== GIVEN MATERIAL ==
────────────────────────────────────────
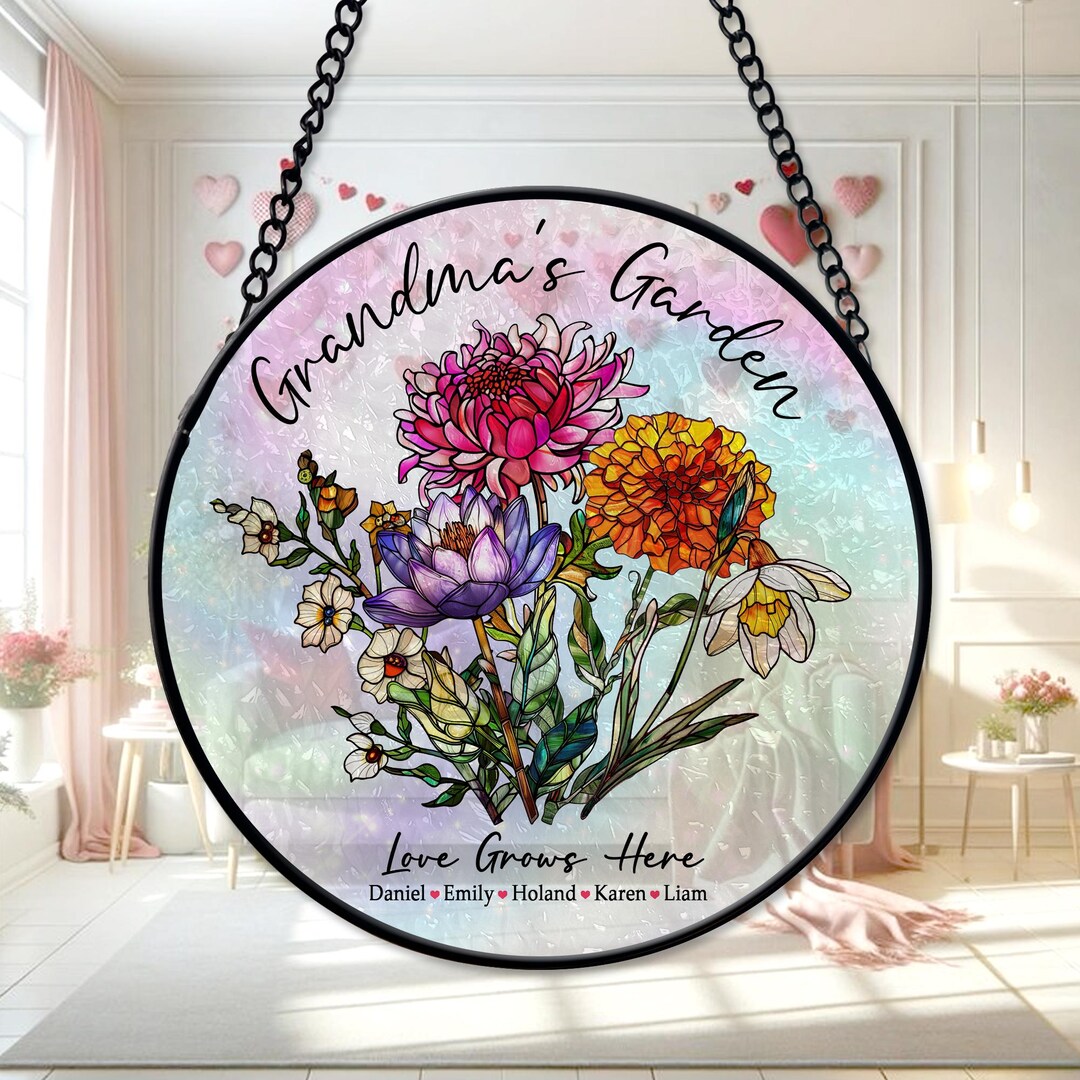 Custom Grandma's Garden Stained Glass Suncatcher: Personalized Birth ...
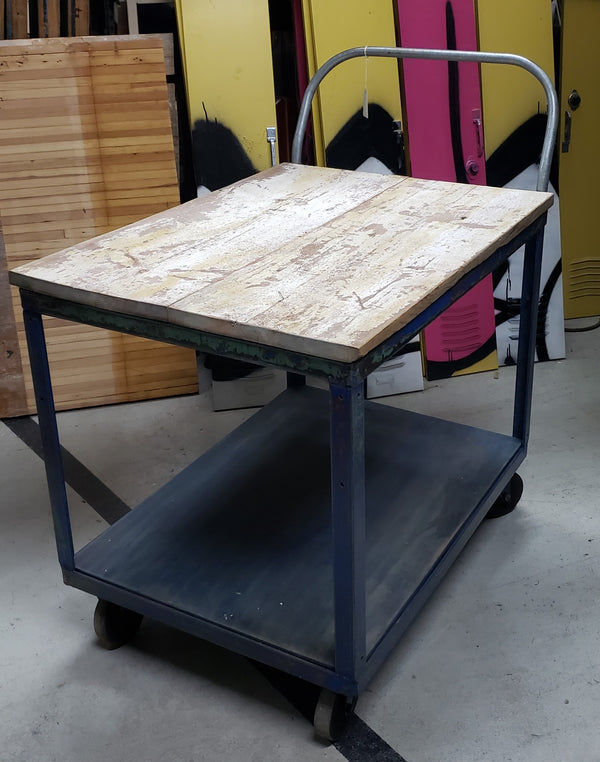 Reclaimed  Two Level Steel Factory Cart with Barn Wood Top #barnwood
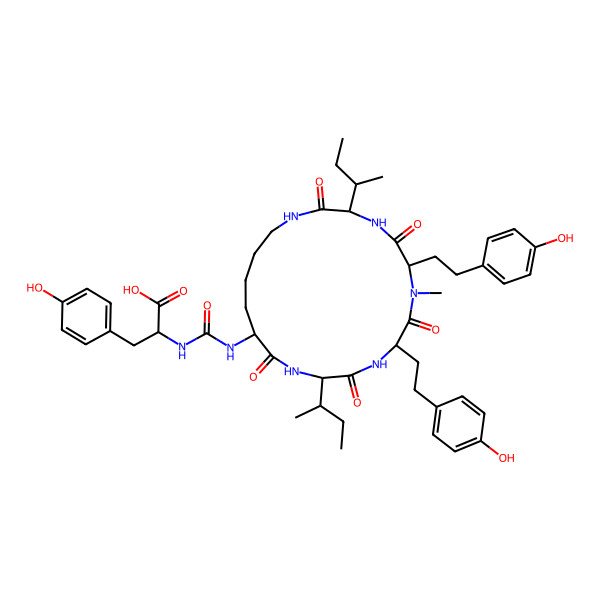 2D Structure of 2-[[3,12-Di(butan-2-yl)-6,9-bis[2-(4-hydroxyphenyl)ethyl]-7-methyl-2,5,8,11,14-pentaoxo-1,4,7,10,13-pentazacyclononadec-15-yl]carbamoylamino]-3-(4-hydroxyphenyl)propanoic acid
────────────────────────────────────────
== WHAT IS BEING ASKED ==
Take the line that contains "Wood Top #barnwood" and all lines after it to the end of the material above, and copy them verbatim without any images.

== TASK OUTPUT ==
 Reclaimed  Two Level Steel Factory Cart with Barn Wood Top #barnwood
 2D Structure of 2-[[3,12-Di(butan-2-yl)-6,9-bis[2-(4-hydroxyphenyl)ethyl]-7-methyl-2,5,8,11,14-pentaoxo-1,4,7,10,13-pentazacyclononadec-15-yl]carbamoylamino]-3-(4-hydroxyphenyl)propanoic acid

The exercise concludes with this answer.